Zoom web server problem allowing hackers webcam access fixed for Macs

Zoom has become a useful way to hold video meetings and conferences among people who are not in the same organization or even using the same hardware and software. Recently a problem was made public that hackers could access Zoom users’ webcams. Zoom has said they’ll fix the problem. https://gizmodo.com/zoom-backtracks-says-it-will-actually-fix-major-flaw-t-1836230262 In the meantime, Apple has already fixed the problem for Mac users by a stealth update.

https://appleinsider.com/articles/19/07/10/apple-removes-zoom-web-server-in-stealth-mac-update

Apple removes Zoom web server in stealth Mac update

Apple on Wednesday pushed out an automatic update for Mac users that removes a local host server created by video conferencing app Zoom, protecting users against the threat of unwanted webcam access.

Zoom

According to Apple, the silent update shields all Zoom users from a recently discovered web server vulnerability without impacting the operation of the app itself, reports TechCrunch.

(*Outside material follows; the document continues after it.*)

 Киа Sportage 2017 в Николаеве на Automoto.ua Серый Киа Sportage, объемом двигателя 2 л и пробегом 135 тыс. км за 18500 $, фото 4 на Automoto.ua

Previous versions of Zoom installed a local host web server to bypass security protocols deployed as part of Safari 12.

In a bid to protect users from malicious actors, Apple’s web browser requires interaction with a dialogue box when a website or link attempts to launch an outside app. Seeking a streamlined one-click-to-open user experience, Zoom sought to bypass the Safari feature and quietly built a local web server into its Mac client package.

A flaw in Zoom’s implementation left the app, and subsequently all Mac owners who installed the software, open to attack.

Security researcher Jonathan Leitschuh this week detailed the vulnerability in a zero-day disclosure. Leitschuh found that embedding a simple launch action or an iframe into a website automatically dropped a user into a Zoom meeting with their Mac’s webcam enabled. Because the flaw lies in a web server and is not siloed to the app, the attack is effective not only in Safari, but Chrome and Firefox as well.

Further, the web server would remain on a host Mac even after Zoom was uninstalled and was capable of re-installing the the client app without user interaction.

Following Leitschuh’s report, and intense scrutiny from media outlets, Zoom decided to patch the flaw in an emergency update on Tuesday. As part of the update, Zoom promised to remove the local host server and make available an option to completely uninstall all remnants of the app without going through Terminal.

Apple opted to remove the server through its own tools on Wednesday. Zoom was apparently notified of the Mac update, according to the report.

“We’re happy to have worked with Apple on testing this update. We expect the web server issue to be resolved today,” Zoom spokeswoman Priscilla McCarthy told TechCrunch. “We appreciate our users’ patience as we continue to work through addressing their concerns.”

Apple typically reserves silent, automated Mac operating system updates to resolve severe malware issues or otherwise enhance user security. The mechanism is rarely deployed to target a specific third-party app, but the company informed TechCrunch that this particular fix was initiated to protect users from Zoom’s exposed web server.